Momenti di storia: la notte che Meroni fu venduto

26.10.2018 18:07 di  GianPiero Gallotti   vedi letture

Vi proponiamo oggi la seconda puntata della nostra rubrica "Momenti di storia", curata per noi dal grande appassionato rossoblù Francesco Venturelli.

In questo pezzo ci parlerà di una ferita ancora aperta, nonostante il tempo trascorso, nei cuori dei tifosi genoani: quella della cessione di Gigi Meroni, raccontandoci come andarono davvero le cose.

Buona lettura:

 

Era l’estate del ’64. Il Mercato si faceva al Gallia di Milano, a poche decine di metri dalla stazione centrale. Di solito chiudeva alle 23.00 di un giorno intorno al 20 di luglio.

Mi trovavo a Genova con la famiglia. Non ero più un ragazzo ormai, ma nei confronti del Genoa avevo mantenuto un atteggiamento adolescenziale perché “o Zena o l’è o Zena”, dicevano gli anziani di De Ferrari, e niente cambia. Mai. Come se il Genoa vivesse in un alone mitico, fuori dal tempo. E io con lui.

Tuttosport – che a quei tempi compravo tutti i giorni perché aveva sempre ottimi servizi sul Genoa - titolava l’articolo sul Grifone con un indiscutibile: Meroni non si tocca, scritto a caratteri cubitali. Passai la giornata non ricordo come, ero ancora studente, e tornai a casa per la cena alle otto passate.

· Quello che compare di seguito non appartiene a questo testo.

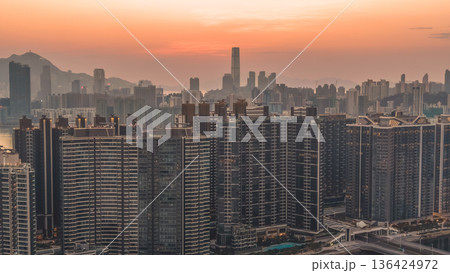 Golden sunset illuminates Kai Tak harbourfront residential skyline Feb 8 2026 Golden sunset illuminates Kai Tak harbourfront residential skyline Feb 8 2026 136424972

A quei tempi, tutte le sere alle 20.20 passava alla radio il bollettino sportivo, e io tornavo a casa giusto in tempo per ascoltare eventuali notizie sul Genoa. Quella sera, seduto a tavola in attesa del “primo”, non prestai nessuna attenzione alla sigla della trasmissione, ero distratto per il fatto che intanto sul Genoa non avrebbero dovuto esserci notizie.

Passo al presente. Giusto nel momento che mia madre posa il piatto sul tavolo, sento come prima notizia: Meroni passa dal Genoa al Torino per….. La cifra non riesco nemmeno a sentirla perché sono già in sala d’entrata per uscire a tutta velocità. Mentre scendo le scale facendo i gradini a quattro a quattro sento la voce di mia madre sul pianerottolo che mi chiede: dove vai?
A De Ferrari, rispondo, e sono già sulla strada.

Non ho un’auto, e di aspettare un autobus manco a parlarne. Faccio tutto a piedi, di corsa, e quando da via XXV Aprile scorgo De Ferrari la vedo strapiena di genoani urlanti. Allora è tutto vero, pensai. Fino all’ultimo avevo sperato in un errore. Un Genoa senza Meroni era impensabile.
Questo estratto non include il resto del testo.